Could these Buckeyes be clicking the way that team did? The profiles are different. That team lost early at home to a mediocre Virginia Tech, but it got better as the season progressed. Quarterback J.T. Barrett got injured against Michigan, so the big question this week four years ago was how the Buckeyes would look with Cardale Jones—who had started preseason camp as the third-stringer—at the helm. Ohio State answered that question emphatically against 10–2 Wisconsin.
This Ohio State team will be playing 8–4 Northwestern. Is there any score against the Wildcats—who lost to Akron earlier this season—that would impress the committee? Or does that matter? Will it simply come down to a hypothetical matchup against an similarly amazing, similarly flawed Oklahoma?
After seeing the two teams in person in a 16-hour span this weekend, I have a tough time choosing which I’d select if I was on the committee. The Ohio State team that played Michigan might be able to get enough defensive stops to outscore Oklahoma. If the Buckeyes’ offensive line played the way it did Saturday, Haskins could sit in the pocket and carve up the Sooners’ defense. He might throw for 700 yards if forced to match Murray score-for-score.
Here’s the problem with that analysis. It assumes an Ohio State team that has shown up exactly once this season. The one we’ve seen more often might allow Oklahoma to score 70. This is the committee’s dilemma.
But a repeat performance certainly would help Ohio State’s case. Why were the Buckeyes so good against a defense that entered Saturday ranked No. 2 in the nation in yards per play allowed (3.97) and No. 1 in the nation in passing yards allowed per game (123.2)? There are a few reasons. First, the Buckeyes realized that Michigan’s preferred alignment of one deep safety with defensive backs playing man-to-man coverage—to free up an extra pass rusher—played into something Ohio State does very well. That kind of defense tends to leave the middle of the field open for shallow crossing routes. And because there isn’t an extra safety patrolling the area where such a route can be caught, a broken tackle or a poor angle from a tackler can lead to a huge gain. Kind of like this one…
This sort of thing only works if the quarterback gets protection. Remember, Michigan sacrifices that extra deep safety because the Wolverines expect to get to the quarterback. Fortunately, Ohio State’s offensive line was spectacular Saturday. The Buckeyes gave up zero sacks, giving Haskins all the time he needed. “I was licking my chops. I see the one-high covers and that's a quarterback's dream,” Haskins said. “The biggest responsibility for me all week was to be able to pick up blitzes and protection, because we saw a lot of different fronts and exotic looks. I spent hours in the film room just trying to figure out how we can pick the blitzes up. And once we picked it up, receivers make plays.”

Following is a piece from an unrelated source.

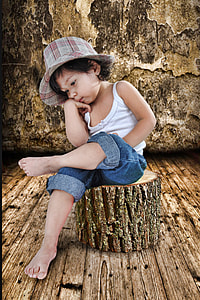 girl in white spaghetti strap shirt and blue denim jeans sits of brown tree log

And while Meyer hasn’t always been the type of coach who keeps doing what works until a defense proves it can stop it—he sometimes falls back on certain crutches, particularly when he has a quarterback who can run—Meyer and offensive coordinator Ryan Day kept letting Haskins fire over the middle. No adjustment Michigan could make worked, but there may have been another factor limiting how much Michigan could adjust.
Haskins only carried seven times for 34 yards, but on Ohio State’s first play from scrimmage, he kept on a read option and gained nine yards. After seeing that, and knowing Haskins ran for three touchdowns against Maryland, the Wolverines had to respect the possibility that Haskins could pull the ball and keep it on the read option.
The Buckeyes attacked the Wolverines where they were weakest. Meanwhile, Michigan coach Jim Harbaugh refused to attack Ohio State’s defense where it is weakest. The Wolverines only occasionally chose to spread the field and attack vertically, which tends to bring out the worst in the Buckeyes’ D. It seemed Harbaugh was more interested in adhering to his original game plan than in using formations and plays that might help Michigan score.
Meyer and Day had no such problem Saturday. They looked like Oklahoma’s Lincoln Riley and the West Virginia combo of Dana Holgorsen and Jake Spavital looked Friday night. They found the flaws and repeatedly exposed them.
Ohio State and Oklahoma each have flaws. But there is an excellent chance now that one of them makes the playoff. After showing what they’re capable of when clicking on all cylinders on Saturday, do the Buckeyes deserve to be in the final four?
“Definitely,” Ohio State receiver Parris Campbell said. “We just beat the No. 4 team.”